Day 5 - Phone call: Call the management office and ask for the facility manager by name if you have it, or ask for whoever handles vendor relationships for building maintenance. When you reach them, reference your letter and ask for a brief meeting. If you reach voicemail, leave a 20-second message with your name, what you do, and that you will follow up by email.

Day 10 - Email: Send a follow-up email that references your earlier contacts and offers something specific - a free HVAC filter check, a brief energy audit, or a seasonal inspection relevant to the time of year. End with a clear ask for a 15-minute call or a quick site visit.

If all three touches receive no response, move on. Not every prospect will respond to cold outreach, and persistence past three attempts usually annoys rather than persuades.

Lead With the Right Conversation in Your First Meeting

When you get in front of a facility manager for the first time, resist the urge to pitch your services immediately. Ask questions instead.

Good opening questions include: "How old are your primary HVAC systems?" "What is your current response time expectation from service contractors?" "What is the biggest maintenance challenge you are dealing with right now?" "Are you happy with your current vendors?"

These questions accomplish two things. They help you understand whether there is actually an opportunity. And they position you as someone who wants to understand the situation before offering a solution, which is very different from a contractor who shows up with a rate sheet.

Listen for the pain points. When the FM mentions something that frustrates them about their current vendor situation, that is your opening to explain how you handle that specific issue differently.

Offer a No-Pressure First Step

At the end of your first meeting, do not ask for a contract. Ask for a chance to demonstrate your work on a small scope.

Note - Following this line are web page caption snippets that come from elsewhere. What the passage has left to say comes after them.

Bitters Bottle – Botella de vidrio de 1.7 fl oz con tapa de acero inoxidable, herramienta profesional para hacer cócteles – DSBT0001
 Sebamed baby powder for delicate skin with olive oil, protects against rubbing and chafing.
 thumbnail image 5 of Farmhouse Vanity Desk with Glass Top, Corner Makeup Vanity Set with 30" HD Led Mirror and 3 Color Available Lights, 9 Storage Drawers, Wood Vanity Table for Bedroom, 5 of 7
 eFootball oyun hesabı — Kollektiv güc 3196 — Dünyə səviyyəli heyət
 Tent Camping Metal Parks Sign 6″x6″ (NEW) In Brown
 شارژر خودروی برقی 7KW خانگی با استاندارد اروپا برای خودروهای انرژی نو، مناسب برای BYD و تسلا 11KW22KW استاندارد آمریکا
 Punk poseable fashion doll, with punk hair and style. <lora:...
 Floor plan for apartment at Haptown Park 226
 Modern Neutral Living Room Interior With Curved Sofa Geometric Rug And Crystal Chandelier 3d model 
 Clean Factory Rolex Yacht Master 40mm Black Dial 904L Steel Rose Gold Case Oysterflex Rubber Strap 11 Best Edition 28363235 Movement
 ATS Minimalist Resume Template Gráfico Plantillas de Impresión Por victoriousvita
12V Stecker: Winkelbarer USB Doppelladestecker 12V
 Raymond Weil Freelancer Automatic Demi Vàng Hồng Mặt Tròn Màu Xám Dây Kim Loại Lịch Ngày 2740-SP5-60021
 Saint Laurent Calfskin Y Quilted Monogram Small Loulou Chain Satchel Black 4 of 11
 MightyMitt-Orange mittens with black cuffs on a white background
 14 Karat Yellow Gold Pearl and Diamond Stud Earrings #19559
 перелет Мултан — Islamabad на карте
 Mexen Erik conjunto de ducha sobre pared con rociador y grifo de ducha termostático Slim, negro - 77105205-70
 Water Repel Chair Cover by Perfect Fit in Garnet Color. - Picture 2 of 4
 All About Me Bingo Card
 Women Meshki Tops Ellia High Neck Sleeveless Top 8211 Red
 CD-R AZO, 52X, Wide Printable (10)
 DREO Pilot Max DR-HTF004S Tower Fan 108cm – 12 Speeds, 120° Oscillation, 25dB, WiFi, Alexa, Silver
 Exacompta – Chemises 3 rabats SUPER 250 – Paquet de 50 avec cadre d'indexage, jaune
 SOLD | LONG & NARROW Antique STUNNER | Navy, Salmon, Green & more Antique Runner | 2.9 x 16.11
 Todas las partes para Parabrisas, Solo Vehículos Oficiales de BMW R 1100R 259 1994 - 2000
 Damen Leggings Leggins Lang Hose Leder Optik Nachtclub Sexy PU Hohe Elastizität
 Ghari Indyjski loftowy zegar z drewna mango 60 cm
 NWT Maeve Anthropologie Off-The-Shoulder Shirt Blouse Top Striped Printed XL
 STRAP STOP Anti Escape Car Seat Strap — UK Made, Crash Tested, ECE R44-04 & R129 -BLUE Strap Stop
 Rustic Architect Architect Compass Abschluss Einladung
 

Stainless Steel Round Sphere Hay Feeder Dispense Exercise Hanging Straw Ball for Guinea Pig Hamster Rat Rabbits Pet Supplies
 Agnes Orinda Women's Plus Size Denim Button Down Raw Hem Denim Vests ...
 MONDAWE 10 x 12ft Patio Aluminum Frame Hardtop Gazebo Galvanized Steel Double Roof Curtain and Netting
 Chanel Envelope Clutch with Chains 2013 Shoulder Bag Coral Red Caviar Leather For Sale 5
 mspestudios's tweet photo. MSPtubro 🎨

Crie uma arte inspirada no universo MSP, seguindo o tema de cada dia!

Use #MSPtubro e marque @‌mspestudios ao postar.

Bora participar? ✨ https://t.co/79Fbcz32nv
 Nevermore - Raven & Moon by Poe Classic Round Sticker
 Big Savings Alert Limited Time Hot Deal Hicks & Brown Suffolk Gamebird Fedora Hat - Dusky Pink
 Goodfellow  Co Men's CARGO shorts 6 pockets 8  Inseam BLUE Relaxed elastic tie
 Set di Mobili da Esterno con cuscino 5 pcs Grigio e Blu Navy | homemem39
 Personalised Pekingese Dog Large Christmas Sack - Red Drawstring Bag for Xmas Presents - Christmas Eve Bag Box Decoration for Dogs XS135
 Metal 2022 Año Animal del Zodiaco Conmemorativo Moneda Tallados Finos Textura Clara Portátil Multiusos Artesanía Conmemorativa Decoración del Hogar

"Would you be willing to let us handle the next service call that comes up? No commitment beyond that - just give us a shot to show you how we operate." This low-stakes ask is much easier to say yes to than a full service contract, and it gives you the chance to perform and let the work speak for itself.

The action step: Identify five office buildings in your market where you have no current relationship. Research each one this week, find the FM contact if possible, and send a brief physical letter to each before Friday.